IBM big-data evangelist James G Kobielus says: "IBM has many products on the database side as well as analytics applications and development tools, and it has made it a strategy to cross them together into an integrated platform based on commonalities – analytical and transactional, common storage, CPU usage, pattern analysis and data warehousing, for example... But the challenge for IBM is visual tooling; much of the software development on big-data platforms is based on visual modelling tools that generate Java code, performs queries, pulls the data, does the calculations, and so on."
Despite the investment that some of the big IT companies are putting into developing and expanding big-data applications and services, there is of course absolute guarantee that end-user demand or interest will match their enthusiasm – or that clients and potential clients will not choose to implement their own big-data solutions rather than buy expensive hardware and software platforms deliberately customised to make the job easier.

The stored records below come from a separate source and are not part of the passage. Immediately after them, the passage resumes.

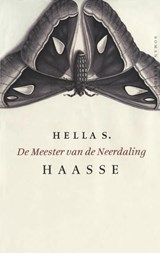 De meester van de neerdaling | Hella S. Haasse | 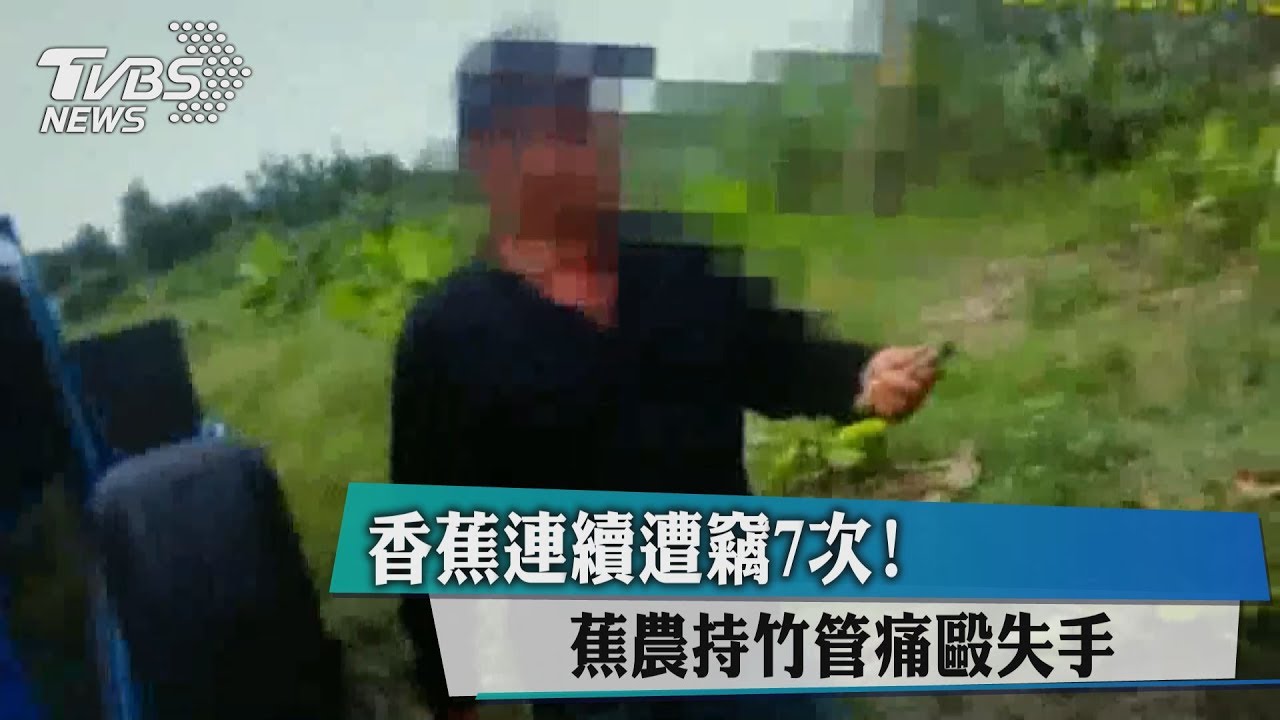 香蕉連續遭竊7次! 蕉農持竹管痛毆失手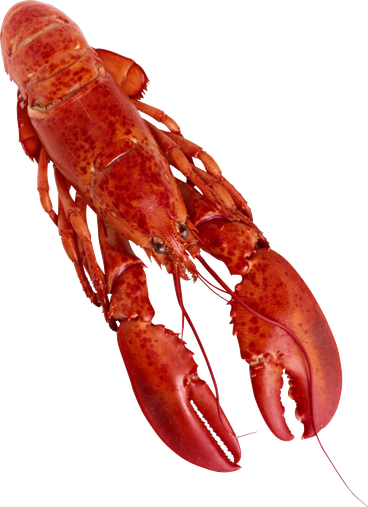 Lobster Png Clipart (black)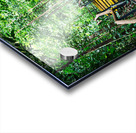 Path Through the Green Singapore Acrylic print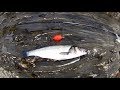 Shore Fishing - An Awesome Way to Fish for Sea Bass - Bubble Float - Shrimp/Prawn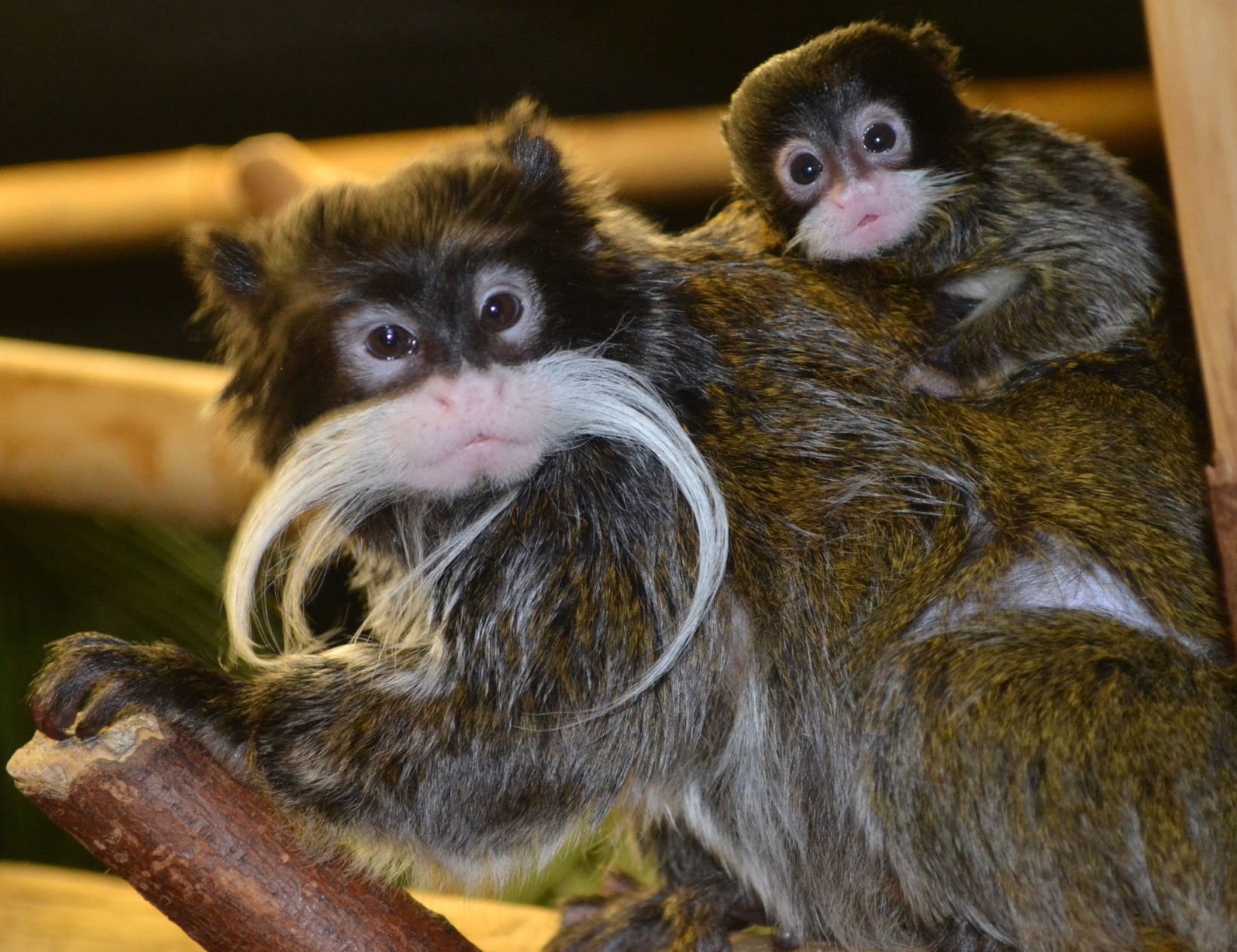 emperor tamarin for sale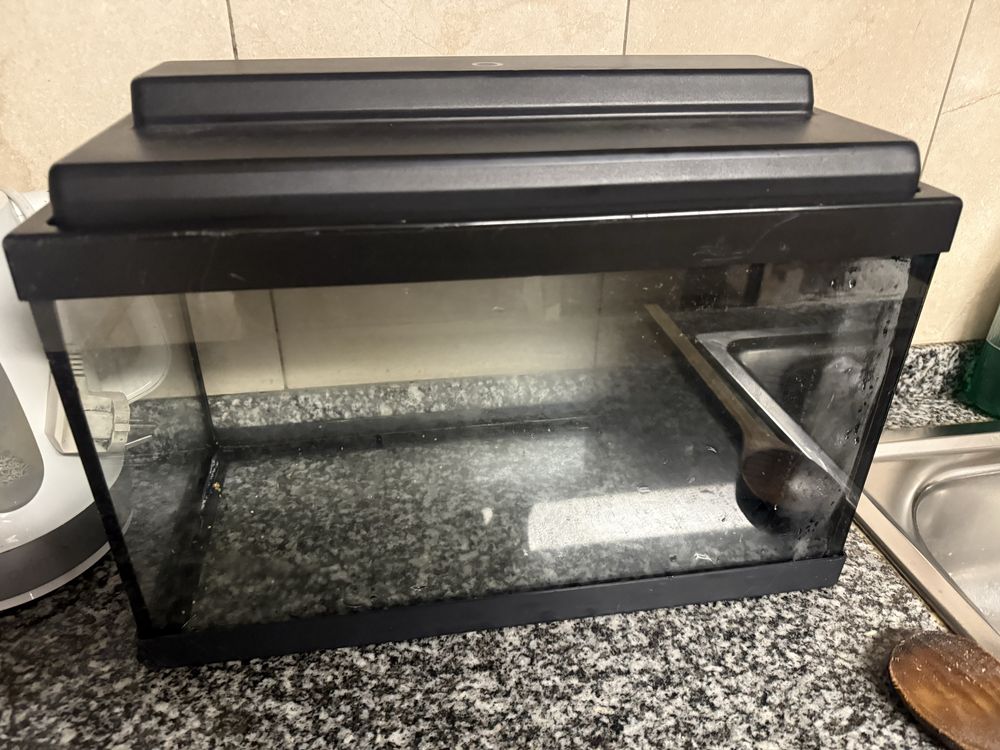 Aquario para peixes c/acessorios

That said, many big-sata advocates are putting forward convincing arguments that a big-data strategy will become an integral aspect of IT management as allied to revenue generation within two-to-three years.
There's some shoehorning of existing approaches – but vendors such as Recommind, CommVault, and EMC (with its Greenplum acquisition) are taking a more inclusive view. Depending on the types and volume of data involved, the availability of requisite in-house skills, and how companies wish to see results presented, off-the-shelf applications can be combined to do the same job in some cases. Linking SQL or NoSQL databases using master data management or modelling, backed-up by master data records, then bringing in unstructured data on top using Hadoop is one approach, then utilising cross-function search and report tools like HP's Autonomy and CommVault's Simpana, for instance, along with standard analytics packages able to provide graphical references and mixed data reports can suffice.
Tony Speakman, vice president of sales at database company Filemaker, points out that the average firm does not really need to look at implementing back-end big-data initiatives unless it is processing about over a terabyte of information per 24-hour period, and that IT personnel should be wise to some of the marketing messages that might being played out in the market; they should also careful about retrofitting a modern big-data approach to legacy information repositories and data sets that in some cases would not translate well into Hadoop or similar platforms anyway.
"Lots of people want to jump on the bandwagon here and repackage something that they have had for a long time," Filemaker's Speakman adds. "In some cases that would be appropriate, in others it is a cynical use of marketing terminology' The ability to modify those sorts of legacy tools is probably more trouble than it is worth, and now adding new types of data with a new structure to old legacy data sets can be tricky... If you have a legacy database that has been in place for 15 years, [are you now] going to rewrite it? That would probably take you two years by which time the requirement has changed anyway" – but then, that's an endgame any IT practitioner will be familiar with.